Ok, I have a shb issue.... I wouldn't call it an infestation... Yet.... So I have been trying all the different traps out there and also just killing them as I see them.... I have do catch a few in the traps I use but I actually kill more myself than the traps catch... Now this is where my post gets a little weird.. Lol... I'm a "as seen on tv" junkie  I love buying the gadets and what not just to see if it really works! Now, with that being said... A few months ago I bought the as seen on tv earwax removal gadget... IT WORKS PERFECTLY TO SUCK UP SHB's!!! It doesn't have a lot of suction (hardly any, really) but it is enough to get them trapped inside and then I just kill them... Also, the tip of the thing fits perfectly into a comb cell!!When they run into a cell I just suck it right up!! The tip is also made out of a rubber like material so its flexable and soft.. it does not mess up the comb at all!! I am so happy about this! Lol... It was getting late last night so I didn't have time to go through all the combs but I did get through several and I removed probably around 20 or so beetles... Anyway, I know this will not be the "magic bullet" for someone with many hives or a huge infestation but for someone like myself with just a hive or two and minimal beetles this works like a charm... So I thought I'd post this!


----------



## cg3 (Jan 16, 2011)

So, how are your ears?


----------



## BeeCurious (Aug 7, 2007)

Apparently the Wax Vac didn't work so well for these folks:

http://www.ripoffreport.com/reports/directory/wax-vac


----------



## **TheBee'sKnee's** (Jun 4, 2013)

Well, I bought it to use on my kids actually!! But I never got around to using it for the purpose it was made for! I can see why people would not be happy with it because it hardly has any suction... But it does have just enough to suck up shb's!!


----------



## Beepants (Apr 1, 2015)

My grandma told me never to put anything bigger than my elbow in my ear.
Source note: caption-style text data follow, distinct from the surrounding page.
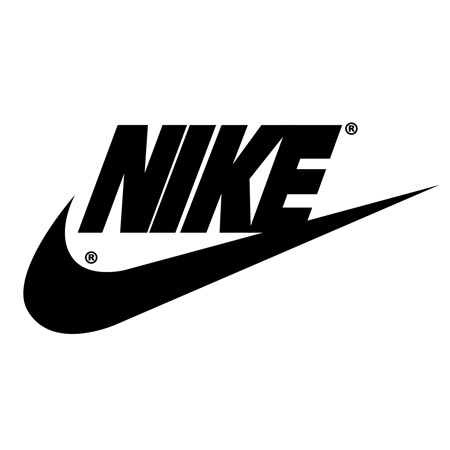 Check online prices of your competitors of Nike products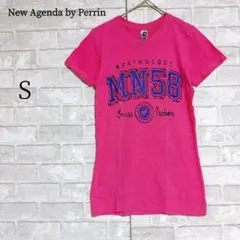 Item thumbnail for item 01f78197-6686-4cf0-96ed-8276356a3f85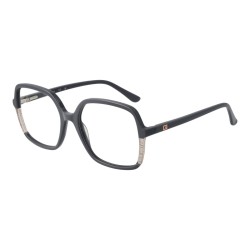 Montatura per Occhiali Donna Guess GU2950 53020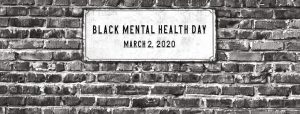 BMH
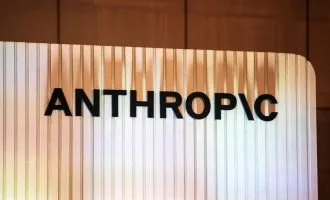 هوش مصنوعی Claude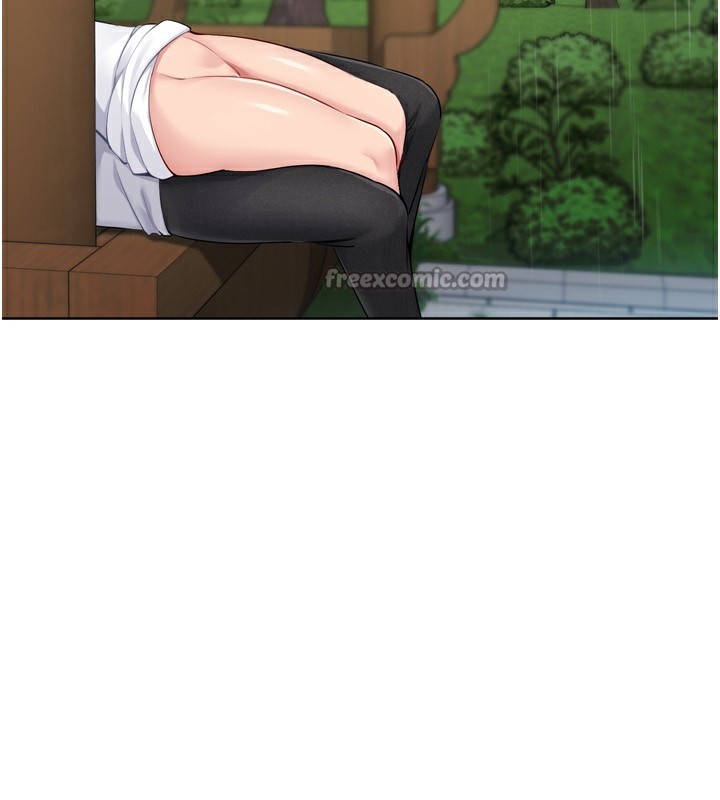[韩国漫画] Set up!排球少女 剧情,女学生#[173P]-118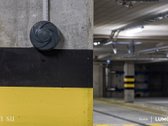 Kai erdvės daugiau, nei tikiesi iš 2 kambarių. - nuotraukos Nr. 18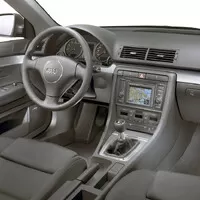 10 Audi, která měnila historii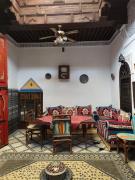 Top Oulad Akkou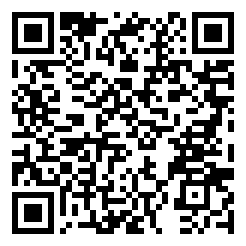 Amazon QR-Code
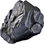 Coal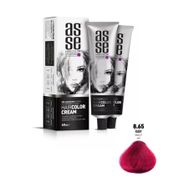 Asse Hair Color Systems 8.65 Yakut 60 ml Saç Boyası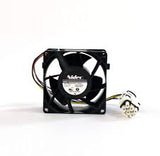 WR60X26866 Evaporator Fan Motor GE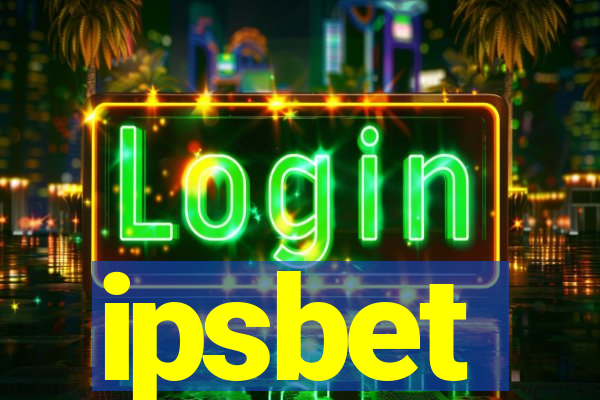 ipsbet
She did not say anything about beetle ears. Conundrum.


----------



## GSkip (Dec 28, 2014)

Glad you found a solution to your SHB problem, but if I had 20 beetles in several combs I would say that is a serious SHB problem!!!! I use at least one Beetle Blaster in each hive and may find one or two beetles hidden in the empty comb. Those I shake onto a hive top and get with my thumb. Most hives with the blasters I find no beetles running around or hidden.


----------



## jwcarlson (Feb 14, 2014)

Beepants said:


> My grandma told me never to put anything bigger than my elbow in my ear. She did not say anything about beetle ears. Conundrum.


I haven't for the life of me been able to get my elbow in my ear. Try as I may...


----------



## jadebees (May 9, 2013)

Here's a casual thought: if you can remove beetles w the earwax remover, could you also get the beetles to eat earwax? That is, assuming the device works poorly on ears. You'ld have a backup ear cleaner system.


----------